Phonetic matching functions
The Netezza Performance Server SQL language supports two phonetic matching functions that you can use to encode names into phonetic representations by using the SoundEx NYSIIS or Double Metaphone algorithms.
By encoding names phonetically, you can match names that are based on their pronunciation and reduce misses that might result from spelling variations. The phonetic matching functions are not case-sensitive comparisons; the phonetic representations are the same for two strings that have the same spelling but different letter casing. These functions support VARCHAR and CHAR data types and specifically the ASCII subset of Latin9 encoding only. The functions ignore any characters outside the ASCII subset.
SoundEx NYSIIS
<varchar(6) value> = nysiis(<str_expr>)
Soundex
is a well-known phonetic algorithm for indexing names by sound as
pronounced in English. This function converts a string into its Soundex
representation by using the New York State Identification and Intelligence
System (NYSIIS) variation of Soundex. The return value is a string
of up to six characters that identifies the pronunciation of the input
string. For example, the function nysiis('Washington')
returns
the string ‘wasang’, while the function nysiis('brown')
returns
the value ‘bran’.
Double Metaphone
<int4 value> = dbl_mp(<str_expr>)
Double Metaphone is another phonetic algorithm for indexing strings by their pronunciation. Similar to Soundex, it uses a different set of rules for English and alternate pronunciation. The function returns two 4-character string encodings, a primary key and secondary (or alternate) key, for pronunciation of the input string. Similar sounding words share keys, though they might be of variable length and spelling. For example, the double metaphone primary and secondary keys for the name ‘washington’ are 'AXNK' and 'FXNK'.
For improved performance,
the dbl_mp function maps the 4-character keys to
16-bit numbers and returns a composite 32-bit value (Netezza Performance Server type
int4) that holds both the 16-bit primary and secondary keys. So, the
function dbl_mp('washington')
returns the value 781598358.
There are three helper functions (pri_mp, sec_mp, and score_mp) that you can use to extract the primary and secondary keys as strings from the return value, and to run key comparisons for scoring relevance.
Primary Metaphone
<varchar(4) value> = pri_mp(<int4 dbl_mp return value>)
This helper function takes the value that is returned
by a call to the dbl_mp function and returns the
corresponding four-character primary metaphone string. For example, pri_mp(781598358)
returns
the primary key AXNK.
Secondary Metaphone
<varchar(4) value> = sec_mp(<int4 dbl_mp return value>)
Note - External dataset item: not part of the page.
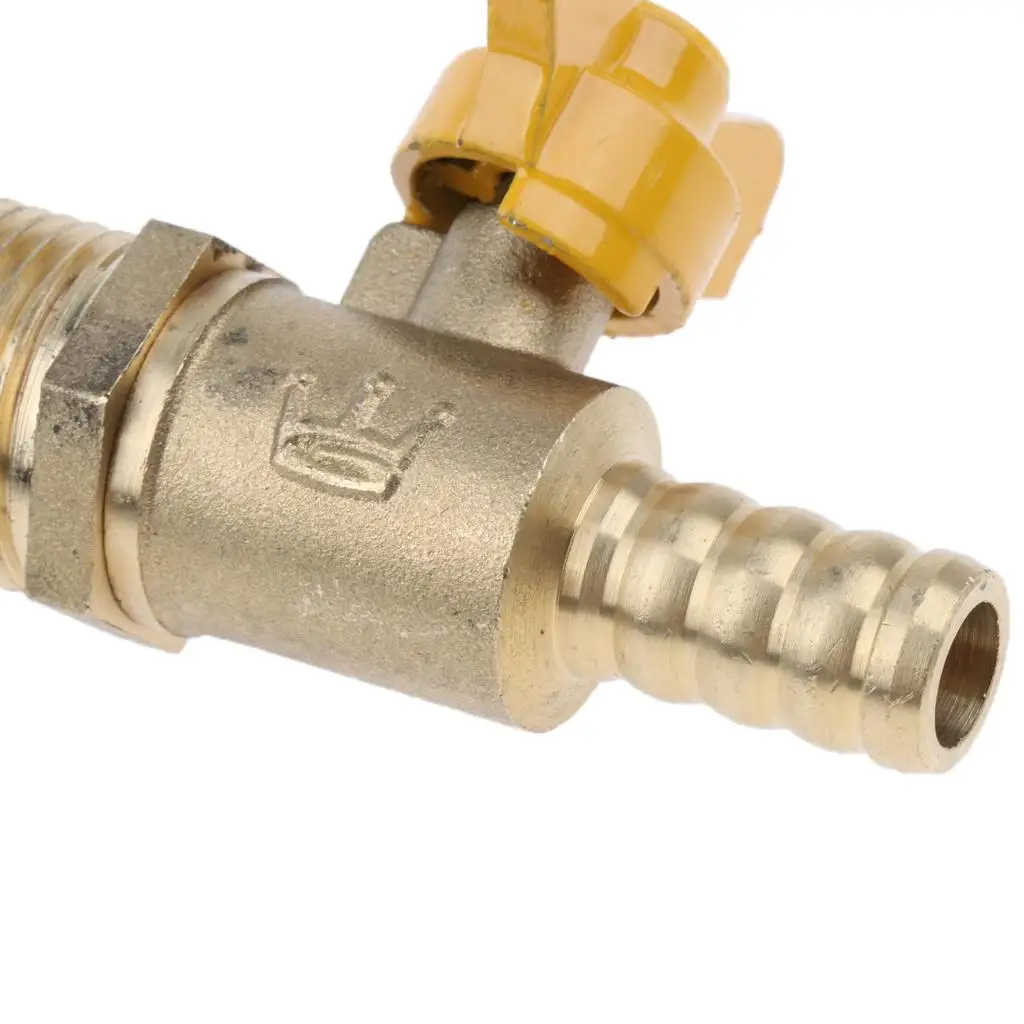Hose Barb Ball Valve Male Thread Brass Manual on Off Lever for Gas Water Pipe Fitting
This helper function takes the value that is returned
by a call to the dbl_mp function and returns the
corresponding four-character secondary metaphone string. For example, sec_mp(781598358)
returns
the secondary key FXNK.
Score Metaphones
<varchar(4) value> = score_mp(<int4 dbl_mp value 1>, <int4 dbl_mp
value 1>, <int4 strong match value>, <int4 normal match value>,
<int4 minor match value>, <int4 no match value>)
- Strongest Match
- Primary Key (1) = Primary Key (2)
- Normal Match
- Secondary Key (1) = Primary Key (2)
Primary Key (1) = Secondary Key (2)
- Minimal Match
- Secondary Key (1) = Secondary Key (2)
For the four match value arguments, you can specify values such as 1, 2, 3, and 4 (for strongest, normal, minimal, or no match). You can also use weighted values such as 100, 50, 25, and 0 to return more points for better match results.
score_mp(781598358,781596310,1,2,3,4)
The function returns the value 1, which indicates a strongest match.
score_mp(781598358,1050031766,100,50,25,0)
The function returns the value 50, which indicates a normal match.